### WORK ORDER
Would you copy only the lines below, from the one containing "エントランス奥の共用スペース" through the very last one, leaving the pictures out?

### PROVIDED DATA
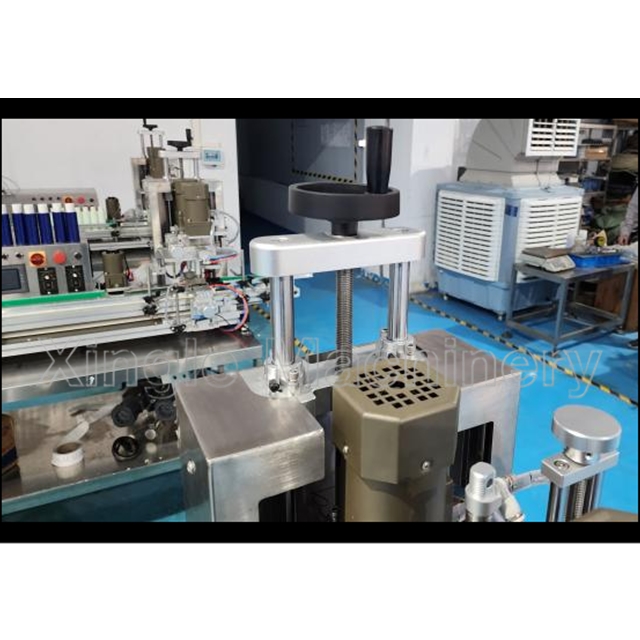 Máquina etiquetadora, llenadora y tapadora de líquidos de escritorio de 4 cabezales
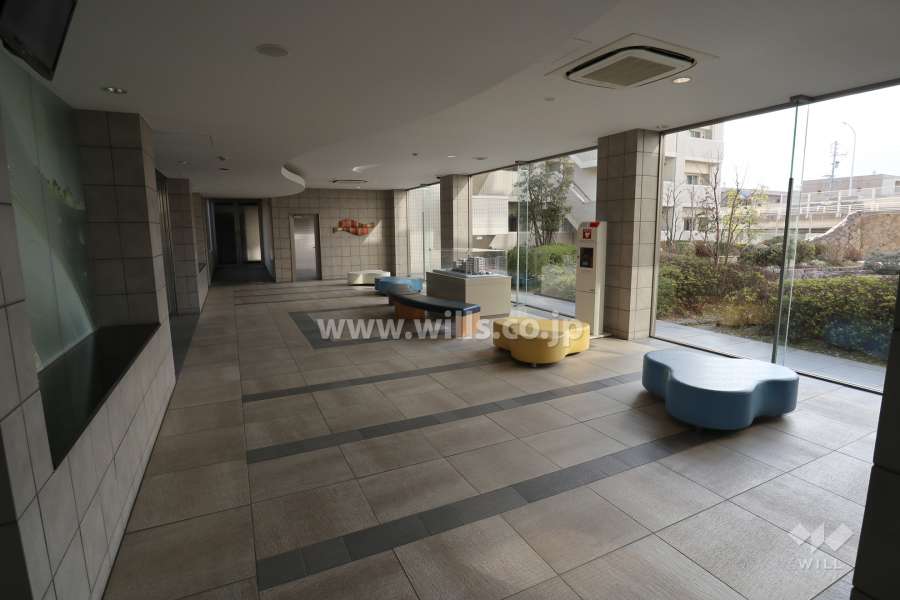 エントランス奥の共用スペース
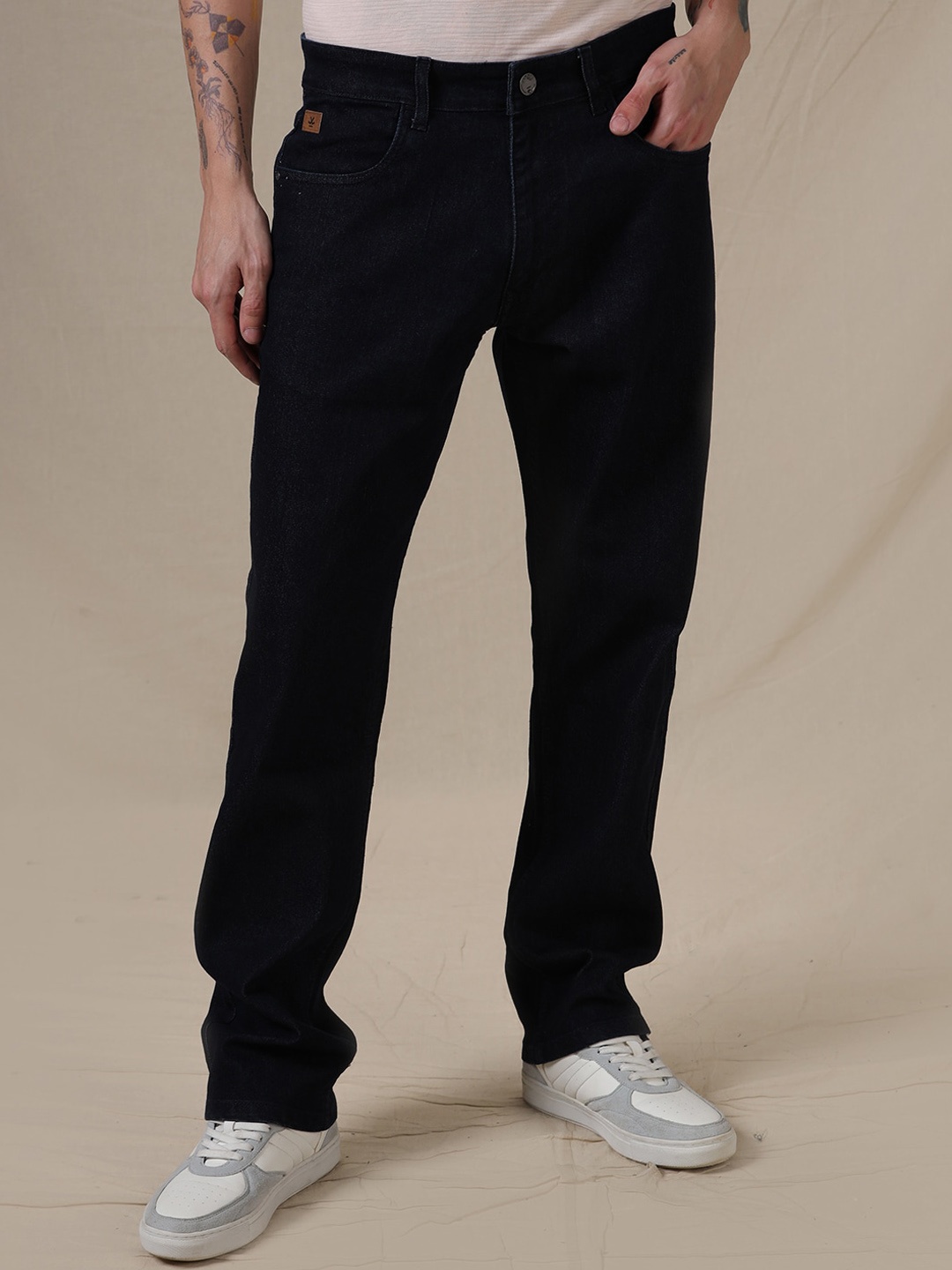 

WROGN Men Regular Fit Mid-Rise Jeans, Charcoal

### RESULT OF THIS EXERCISE
 エントランス奥の共用スペース

WROGN Men Regular Fit Mid-Rise Jeans, Charcoal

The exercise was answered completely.